En 2008 quise llevar a cabo un temario algo más avanzado, en torno a cómo desarrollar instalaciones de restauración sostenibles y de alto rendimiento. Para ello, establecimos contacto con la Fundació Alícia, una institución mundialmente reconocida, especializada en temas culinarios y fundada por el chef Ferran Adrià con el apoyo de Caixa Manresa. Iniciamos un trabajo de investigación que supuso un periplo internacional para entrevistarnos con los mejores cocineros. Fue una tarea laboriosa, que duró cinco años. Una vez concluida la redacción de ese libro, que compaginaba la parte técnica con la mediática (dado el glamur del que gozan la mayoría de estos chefs), me planteé cómo conseguir su máxima difusión. Era consciente de que, recurriendo a la distribución tradicional a través de las librerías, no lograría el alcance que me proponía. De este modo, acabamos considerando la posibilidad de establecer un acuerdo de patrocinio que propiciara la gratuidad del libro. Nos pusimos en contacto con la empresa española Silestone, fabricante de mármoles para cocinas, y la propuesta les resultó interesante. A cambio de cederles los derechos del libro durante dos años, lo editaron, lo maquetaron, diseñaron la portada y se comprometieron a enviarlo, gratuitamente y por vía postal, a quienes lo solicitaran a través de su web. La demanda superó las expectativas. El éxito fue espectacular y, dado el carácter multinacional de Silestone, en la actualidad el libro cuenta con ediciones en distintos idiomas. Además, fue presentado al premio Gourmand, certamen que reconoce la calidad de las mejores publicaciones en el entorno gastronómico, y obtuvo el premio al mejor libro profesional de gastronomía en España en 2013. Esta condición nos permitió optar al concurso internacional Gourmand, donde concurrían seis finalistas, entre ellos el nuestro. Así, en 2014 viajamos a Pekín, donde obtuvimos el premio al mejor libro profesional del mundo; todo un orgullo teniendo en cuenta que, en mi categoría, había nueve mil libros.
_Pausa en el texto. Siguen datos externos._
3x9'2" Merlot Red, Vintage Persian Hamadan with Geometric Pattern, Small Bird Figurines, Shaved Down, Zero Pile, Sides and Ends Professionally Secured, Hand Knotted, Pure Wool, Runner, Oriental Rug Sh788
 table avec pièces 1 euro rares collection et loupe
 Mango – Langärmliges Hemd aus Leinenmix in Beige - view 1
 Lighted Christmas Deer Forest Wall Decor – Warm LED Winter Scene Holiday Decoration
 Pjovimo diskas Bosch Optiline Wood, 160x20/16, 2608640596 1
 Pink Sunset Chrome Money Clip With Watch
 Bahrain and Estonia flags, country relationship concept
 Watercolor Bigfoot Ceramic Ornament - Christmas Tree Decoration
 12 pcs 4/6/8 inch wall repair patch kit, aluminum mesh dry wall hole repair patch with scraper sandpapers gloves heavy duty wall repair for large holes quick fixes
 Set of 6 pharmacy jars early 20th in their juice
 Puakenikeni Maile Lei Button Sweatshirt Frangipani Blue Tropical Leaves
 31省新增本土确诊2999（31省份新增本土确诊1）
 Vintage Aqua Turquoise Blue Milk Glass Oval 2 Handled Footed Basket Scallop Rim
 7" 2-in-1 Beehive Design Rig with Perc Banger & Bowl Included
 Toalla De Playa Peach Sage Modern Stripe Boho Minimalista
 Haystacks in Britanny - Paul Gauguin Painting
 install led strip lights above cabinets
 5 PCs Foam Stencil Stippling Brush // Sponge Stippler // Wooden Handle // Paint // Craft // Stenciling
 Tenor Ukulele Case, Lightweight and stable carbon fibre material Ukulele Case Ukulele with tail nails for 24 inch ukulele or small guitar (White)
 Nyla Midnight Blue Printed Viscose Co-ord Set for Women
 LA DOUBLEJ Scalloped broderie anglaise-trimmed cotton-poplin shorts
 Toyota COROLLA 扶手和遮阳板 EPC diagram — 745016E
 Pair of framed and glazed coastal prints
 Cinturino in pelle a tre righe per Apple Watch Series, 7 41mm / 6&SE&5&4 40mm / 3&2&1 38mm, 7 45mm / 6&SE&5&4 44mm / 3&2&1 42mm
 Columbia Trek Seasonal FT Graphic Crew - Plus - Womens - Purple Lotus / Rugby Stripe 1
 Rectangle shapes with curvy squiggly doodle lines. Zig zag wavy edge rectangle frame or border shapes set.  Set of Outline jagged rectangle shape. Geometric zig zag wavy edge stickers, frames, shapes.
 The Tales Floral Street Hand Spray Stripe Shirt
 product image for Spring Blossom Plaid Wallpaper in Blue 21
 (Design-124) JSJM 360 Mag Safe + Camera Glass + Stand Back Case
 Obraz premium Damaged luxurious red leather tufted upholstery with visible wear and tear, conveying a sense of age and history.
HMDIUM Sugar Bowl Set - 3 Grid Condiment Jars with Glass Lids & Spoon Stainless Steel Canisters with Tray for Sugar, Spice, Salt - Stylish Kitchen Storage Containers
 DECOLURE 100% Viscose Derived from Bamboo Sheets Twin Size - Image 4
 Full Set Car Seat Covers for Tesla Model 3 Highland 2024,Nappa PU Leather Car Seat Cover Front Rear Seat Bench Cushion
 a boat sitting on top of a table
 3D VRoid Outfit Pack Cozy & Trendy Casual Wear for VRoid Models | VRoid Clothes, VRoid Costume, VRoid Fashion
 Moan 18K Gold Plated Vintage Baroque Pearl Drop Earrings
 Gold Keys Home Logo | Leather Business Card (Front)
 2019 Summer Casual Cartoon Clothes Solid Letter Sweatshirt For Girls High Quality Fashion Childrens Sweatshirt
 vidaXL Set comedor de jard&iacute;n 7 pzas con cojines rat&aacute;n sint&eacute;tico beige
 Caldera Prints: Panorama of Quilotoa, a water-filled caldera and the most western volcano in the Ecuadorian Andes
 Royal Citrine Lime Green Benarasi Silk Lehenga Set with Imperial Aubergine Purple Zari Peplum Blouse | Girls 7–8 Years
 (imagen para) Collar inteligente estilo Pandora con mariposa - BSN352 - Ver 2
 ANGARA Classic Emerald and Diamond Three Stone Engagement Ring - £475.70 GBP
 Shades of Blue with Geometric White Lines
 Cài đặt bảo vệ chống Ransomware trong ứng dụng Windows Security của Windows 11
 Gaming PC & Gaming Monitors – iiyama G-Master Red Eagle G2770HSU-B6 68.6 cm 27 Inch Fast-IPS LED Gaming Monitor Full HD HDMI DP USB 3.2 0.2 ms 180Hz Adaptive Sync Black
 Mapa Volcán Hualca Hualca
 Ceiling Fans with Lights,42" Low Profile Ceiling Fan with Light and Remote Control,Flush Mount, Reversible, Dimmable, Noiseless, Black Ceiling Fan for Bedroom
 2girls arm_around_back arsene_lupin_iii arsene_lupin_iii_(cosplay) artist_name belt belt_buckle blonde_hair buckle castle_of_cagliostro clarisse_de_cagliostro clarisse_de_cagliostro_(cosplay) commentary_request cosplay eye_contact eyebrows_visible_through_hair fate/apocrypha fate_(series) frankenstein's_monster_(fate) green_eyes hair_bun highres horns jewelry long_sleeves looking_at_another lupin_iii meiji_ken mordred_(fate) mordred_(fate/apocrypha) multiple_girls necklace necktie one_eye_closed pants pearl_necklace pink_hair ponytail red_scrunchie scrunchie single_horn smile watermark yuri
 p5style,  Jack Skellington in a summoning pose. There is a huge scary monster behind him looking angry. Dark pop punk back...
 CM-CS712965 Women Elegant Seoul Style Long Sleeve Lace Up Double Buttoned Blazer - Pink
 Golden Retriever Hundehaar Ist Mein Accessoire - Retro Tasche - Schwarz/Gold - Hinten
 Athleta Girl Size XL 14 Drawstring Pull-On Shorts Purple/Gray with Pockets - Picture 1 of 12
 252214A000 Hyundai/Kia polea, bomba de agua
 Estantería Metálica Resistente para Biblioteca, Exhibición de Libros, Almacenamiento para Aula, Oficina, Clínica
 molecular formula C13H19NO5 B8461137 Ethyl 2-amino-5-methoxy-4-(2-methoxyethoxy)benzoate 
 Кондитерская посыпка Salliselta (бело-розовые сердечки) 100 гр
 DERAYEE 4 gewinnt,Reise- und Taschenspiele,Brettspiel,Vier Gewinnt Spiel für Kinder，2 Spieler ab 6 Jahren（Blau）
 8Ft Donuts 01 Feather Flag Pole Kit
Catalunya necesita una acción unitaria y no debatir entre izquierdas y derechas

El rumbo adoptado últimamente por el Procés en Catalunya es estrictamente responsabilidad de los catalanes; en el buen sentido de la palabra. Salvo honradas e ilustres excepciones, tanto la clase política catalana como la española me provoca absoluto rechazo. Se echan en falta políticos con altura de miras y sentido de Estado, pues los actuales evidencian que solo velan por sus intereses, por los de su partido y por conseguir proyección mediática. Me irrita comprobar cómo hoy la política se reduce a luchas intestinas sin que nadie busque desencallar el problema. Si en vez de enredarse en tantas declaraciones trabajaran unitariamente, como hacíamos en la Escuela de Arquitectura tras la muerte de Franco, seguro que seríamos capaces de salir adelante. Pero los enfrentamientos internos existentes solo están consiguiendo dar munición al Gobierno central. Hay que señalar, no obstante, que desde la capital mantienen una concepción colonialista y persisten en la mentalidad de someter al adversario. Nunca accederán a establecer diálogo, porque su única estrategia reside en el uso de la fuerza y la represión. Ante esos ataques, los diputados del Parlament se muestran incapaces de ponerse de acuerdo y en este momento existe una gran sensación de desunión en la Cámara catalana. De ahí el valor de entidades transversales como Òmnium o la Assemblea Nacional Catalana, que congregan a mucha más gente que cualquier partido político. No es momento de debatir entre izquierdas y derechas, sino de velar por Catalunya.